◆ Work request: Quote exactly the lines spanning from the top of the data below to the line that contains "Vintage Art Deco", including both.

◆ Provided information:
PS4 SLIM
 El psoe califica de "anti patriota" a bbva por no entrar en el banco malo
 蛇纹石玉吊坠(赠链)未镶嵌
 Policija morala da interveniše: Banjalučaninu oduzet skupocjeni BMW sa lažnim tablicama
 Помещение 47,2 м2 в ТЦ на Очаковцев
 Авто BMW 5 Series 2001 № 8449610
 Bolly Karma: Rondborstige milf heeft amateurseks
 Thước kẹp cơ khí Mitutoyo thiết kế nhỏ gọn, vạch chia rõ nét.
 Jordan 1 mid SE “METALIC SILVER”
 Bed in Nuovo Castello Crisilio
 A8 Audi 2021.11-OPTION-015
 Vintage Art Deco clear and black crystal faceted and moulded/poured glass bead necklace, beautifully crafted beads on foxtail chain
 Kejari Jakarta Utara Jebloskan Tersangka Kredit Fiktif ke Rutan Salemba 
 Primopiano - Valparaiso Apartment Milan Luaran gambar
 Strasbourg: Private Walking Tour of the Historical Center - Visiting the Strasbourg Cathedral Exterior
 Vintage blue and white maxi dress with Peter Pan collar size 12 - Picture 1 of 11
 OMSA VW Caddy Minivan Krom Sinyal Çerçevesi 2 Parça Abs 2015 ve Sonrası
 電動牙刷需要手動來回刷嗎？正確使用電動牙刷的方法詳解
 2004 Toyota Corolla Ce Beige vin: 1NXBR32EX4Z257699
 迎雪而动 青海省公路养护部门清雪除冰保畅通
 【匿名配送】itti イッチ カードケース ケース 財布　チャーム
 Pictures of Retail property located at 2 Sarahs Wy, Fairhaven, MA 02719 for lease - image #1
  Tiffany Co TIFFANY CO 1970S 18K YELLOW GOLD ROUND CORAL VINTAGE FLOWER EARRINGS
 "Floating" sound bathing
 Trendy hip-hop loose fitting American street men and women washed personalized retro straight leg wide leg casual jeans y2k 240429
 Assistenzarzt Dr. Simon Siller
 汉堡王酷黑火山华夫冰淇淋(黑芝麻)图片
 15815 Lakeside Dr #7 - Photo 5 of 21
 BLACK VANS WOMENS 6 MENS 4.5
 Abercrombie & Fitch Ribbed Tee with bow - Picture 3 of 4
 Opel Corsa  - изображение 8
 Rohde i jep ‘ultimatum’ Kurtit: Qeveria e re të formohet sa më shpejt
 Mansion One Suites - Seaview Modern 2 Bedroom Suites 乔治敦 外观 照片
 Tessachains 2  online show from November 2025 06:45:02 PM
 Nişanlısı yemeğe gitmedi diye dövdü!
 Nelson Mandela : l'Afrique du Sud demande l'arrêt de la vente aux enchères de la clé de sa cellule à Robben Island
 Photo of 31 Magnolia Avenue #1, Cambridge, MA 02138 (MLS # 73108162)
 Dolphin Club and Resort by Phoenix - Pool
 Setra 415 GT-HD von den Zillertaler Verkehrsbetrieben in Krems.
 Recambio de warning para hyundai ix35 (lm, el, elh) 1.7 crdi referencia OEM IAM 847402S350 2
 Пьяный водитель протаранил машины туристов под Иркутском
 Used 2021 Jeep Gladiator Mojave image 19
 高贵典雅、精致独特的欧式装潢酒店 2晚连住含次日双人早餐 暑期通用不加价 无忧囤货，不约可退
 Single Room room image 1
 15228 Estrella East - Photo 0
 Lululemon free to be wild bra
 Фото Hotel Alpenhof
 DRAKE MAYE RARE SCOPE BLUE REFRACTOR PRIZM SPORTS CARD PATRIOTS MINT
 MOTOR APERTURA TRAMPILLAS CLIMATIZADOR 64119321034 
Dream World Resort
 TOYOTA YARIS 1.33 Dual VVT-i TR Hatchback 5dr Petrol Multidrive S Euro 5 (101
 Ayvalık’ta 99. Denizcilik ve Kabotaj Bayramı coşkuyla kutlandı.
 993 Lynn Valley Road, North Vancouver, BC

◆ Result for this task:
PS4 SLIM
 El psoe califica de "anti patriota" a bbva por no entrar en el banco malo
 蛇纹石玉吊坠(赠链)未镶嵌
 Policija morala da interveniše: Banjalučaninu oduzet skupocjeni BMW sa lažnim tablicama
 Помещение 47,2 м2 в ТЦ на Очаковцев
 Авто BMW 5 Series 2001 № 8449610
 Bolly Karma: Rondborstige milf heeft amateurseks
 Thước kẹp cơ khí Mitutoyo thiết kế nhỏ gọn, vạch chia rõ nét.
 Jordan 1 mid SE “METALIC SILVER”
 Bed in Nuovo Castello Crisilio
 A8 Audi 2021.11-OPTION-015
 Vintage Art Deco clear and black crystal faceted and moulded/poured glass bead necklace, beautifully crafted beads on foxtail chain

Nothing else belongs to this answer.